■ YOUR OBJECTIVE
All lines from the one bearing "经理正在培训穆斯林员工。经理和员工讨论电脑工作。" through the end of the data below must be printed exactly as they stand, with pictures removed.

■ EXCERPTED RECORDS
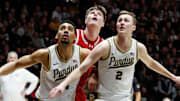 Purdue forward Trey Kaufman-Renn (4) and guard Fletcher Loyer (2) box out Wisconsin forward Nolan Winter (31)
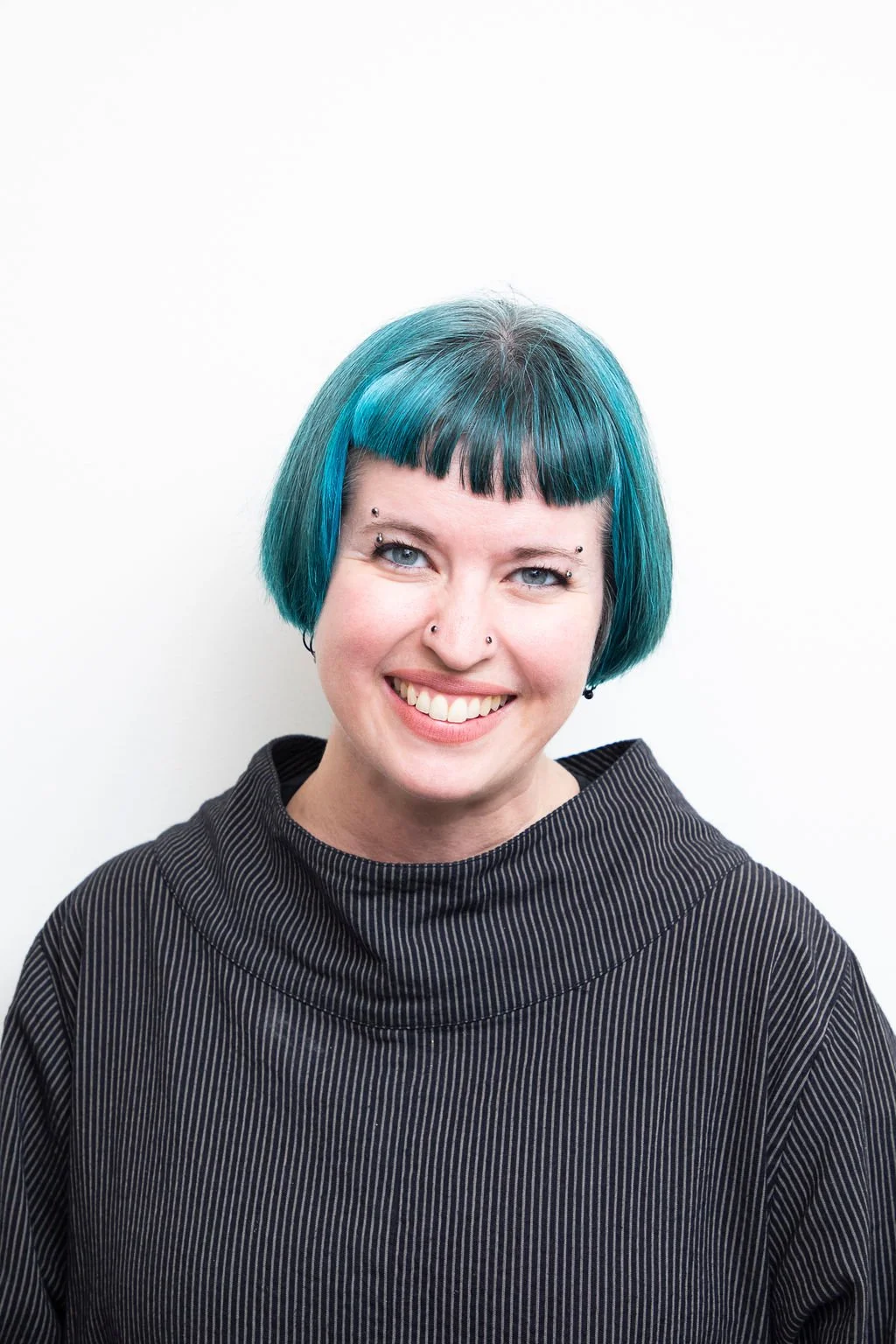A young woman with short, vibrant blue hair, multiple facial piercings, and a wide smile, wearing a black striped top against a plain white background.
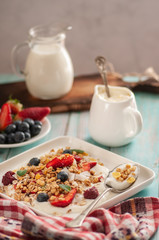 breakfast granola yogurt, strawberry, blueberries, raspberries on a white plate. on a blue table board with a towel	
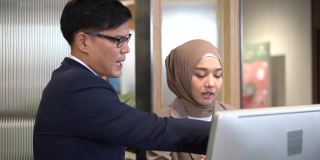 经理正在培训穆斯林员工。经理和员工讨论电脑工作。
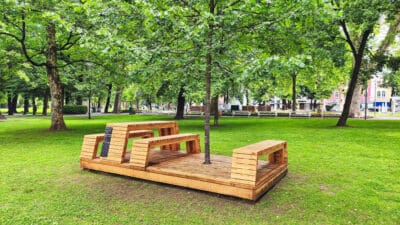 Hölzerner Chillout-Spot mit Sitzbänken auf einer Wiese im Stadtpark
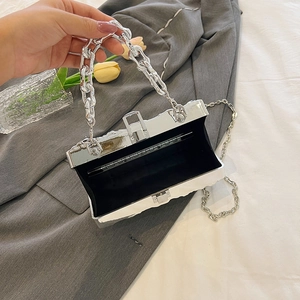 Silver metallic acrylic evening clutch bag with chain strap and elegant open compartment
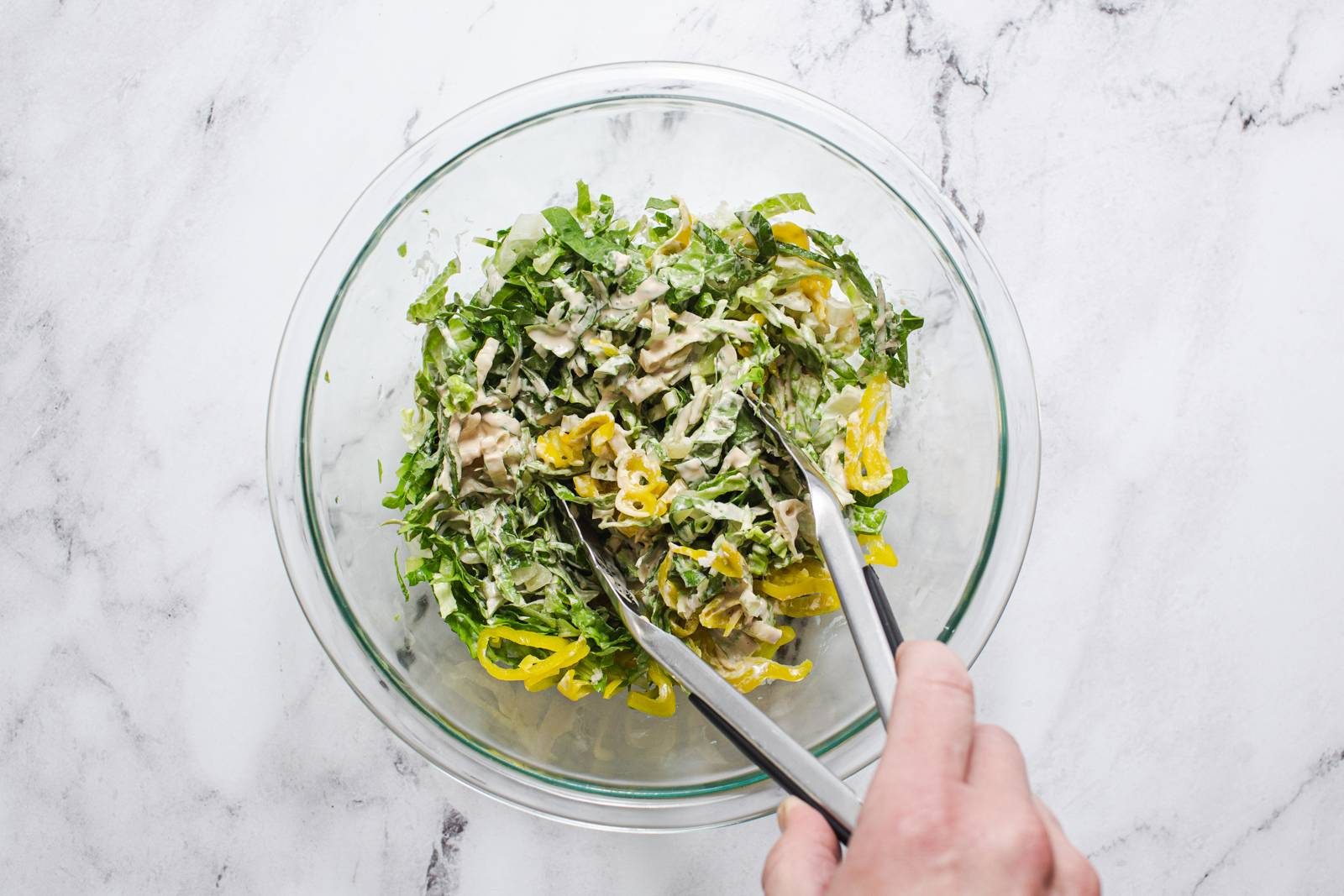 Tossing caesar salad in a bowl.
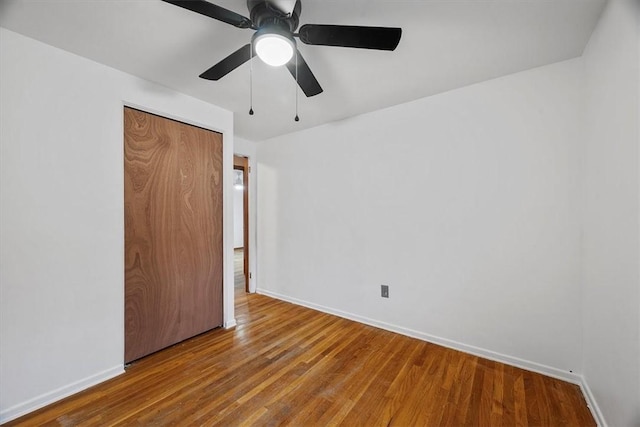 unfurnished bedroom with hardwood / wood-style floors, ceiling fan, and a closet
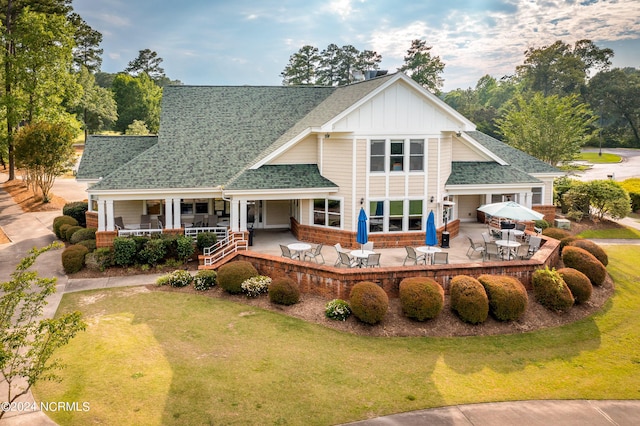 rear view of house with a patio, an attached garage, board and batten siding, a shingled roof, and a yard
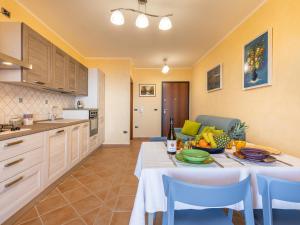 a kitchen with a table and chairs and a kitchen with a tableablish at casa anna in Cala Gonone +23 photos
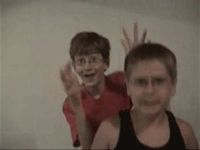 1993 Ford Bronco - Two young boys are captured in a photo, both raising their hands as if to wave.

■ OUTPUT
 经理正在培训穆斯林员工。经理和员工讨论电脑工作。
 Hölzerner Chillout-Spot mit Sitzbänken auf einer Wiese im Stadtpark
 Silver metallic acrylic evening clutch bag with chain strap and elegant open compartment
 Tossing caesar salad in a bowl.
 unfurnished bedroom with hardwood / wood-style floors, ceiling fan, and a closet
 rear view of house with a patio, an attached garage, board and batten siding, a shingled roof, and a yard
 a kitchen with a table and chairs and a kitchen with a tableablish at casa anna in Cala Gonone +23 photos
 1993 Ford Bronco - Two young boys are captured in a photo, both raising their hands as if to wave.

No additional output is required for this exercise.